### Work to be completed:
From the listing below, output the lines between the one with "Orpheus by anonymous, drawing, 1600-1700" and the one with "Jordan 12 Black Taxi shirt", including those two, and nothing else. Pictures are not copied.

### Exercise data:
Start of Block

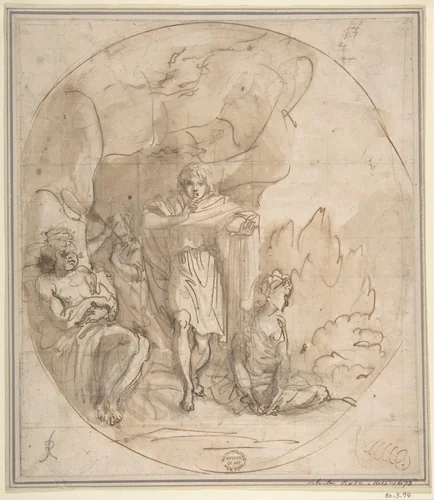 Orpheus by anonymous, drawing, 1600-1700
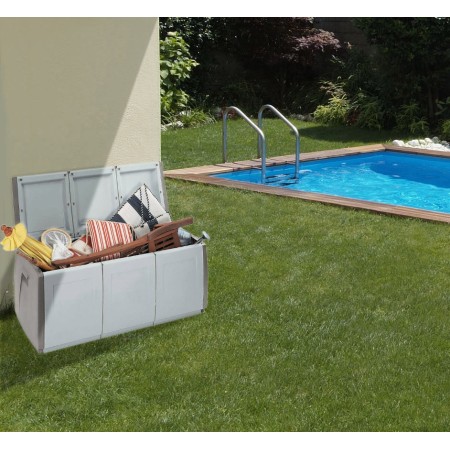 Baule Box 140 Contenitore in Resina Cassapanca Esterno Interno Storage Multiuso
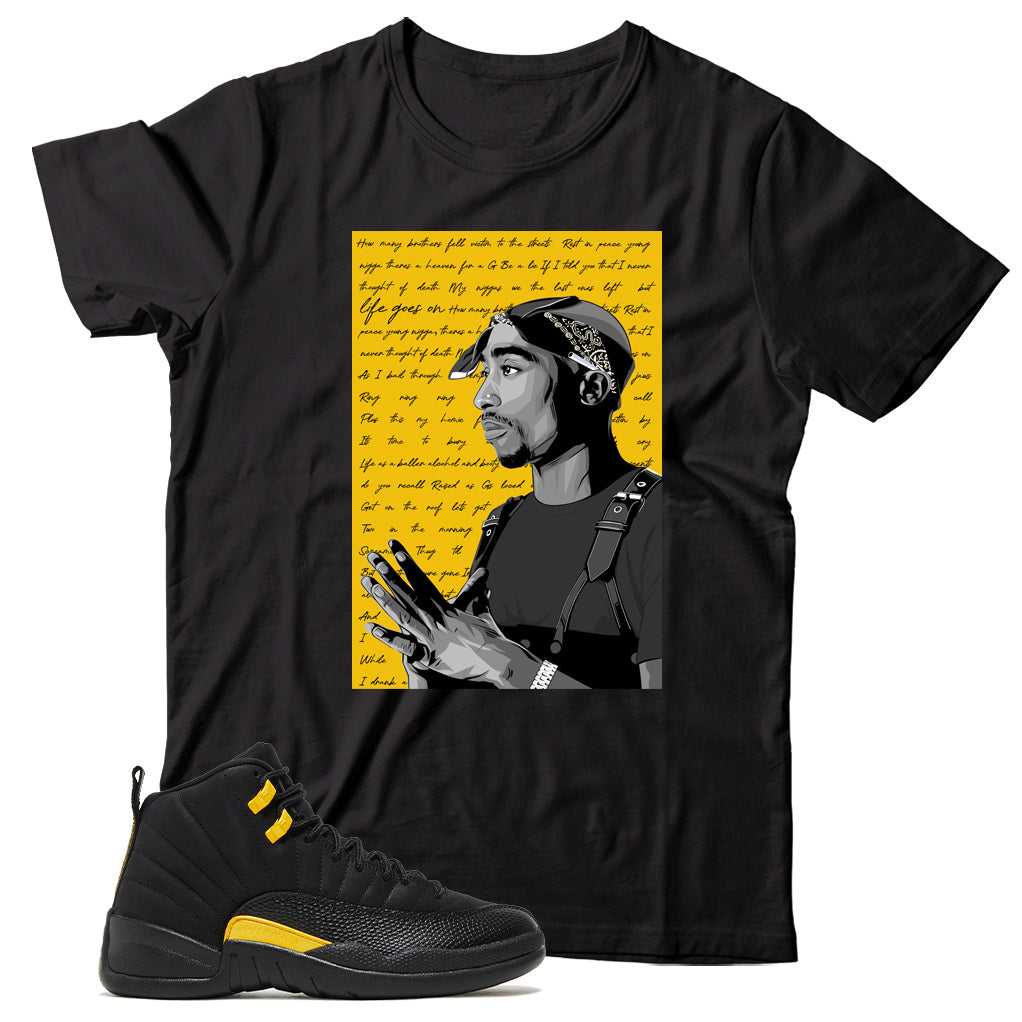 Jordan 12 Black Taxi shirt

End of Block
Start of Block

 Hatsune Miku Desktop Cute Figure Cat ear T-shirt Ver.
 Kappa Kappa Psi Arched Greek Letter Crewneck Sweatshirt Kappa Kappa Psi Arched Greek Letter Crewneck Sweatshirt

End of Block

### Response to the task:
 Orpheus by anonymous, drawing, 1600-1700
 Baule Box 140 Contenitore in Resina Cassapanca Esterno Interno Storage Multiuso
 Jordan 12 Black Taxi shirt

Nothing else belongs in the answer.